**Directions for this task:** Wherever a picture appears in the listing, leave it out, and copy the rest exactly.

**Data below:**
-=-=-=-=-

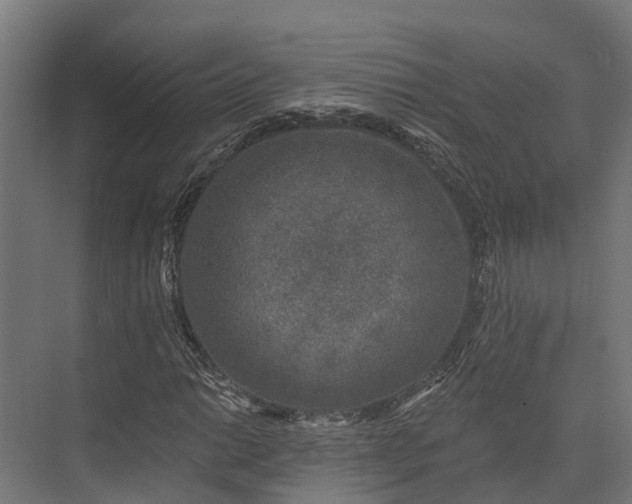 X0000074261014200609011337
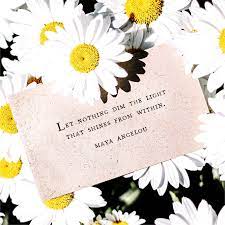 Positive Quotes Daisy Quotes Daisy Positive Quotes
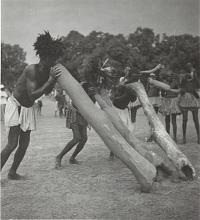 Voir l'image en grand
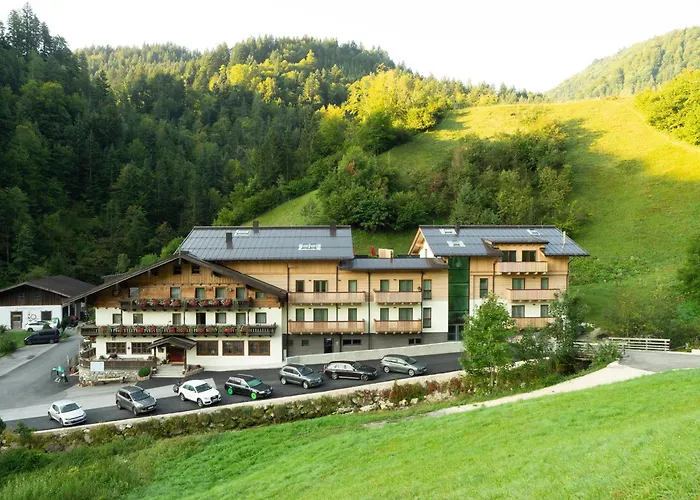Friedlwirt-Kraftplatz Natur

-=-=-=-=-

**Output below:**
 X0000074261014200609011337
 Positive Quotes Daisy Quotes Daisy Positive Quotes
 Voir l'image en grand
Friedlwirt-Kraftplatz Natur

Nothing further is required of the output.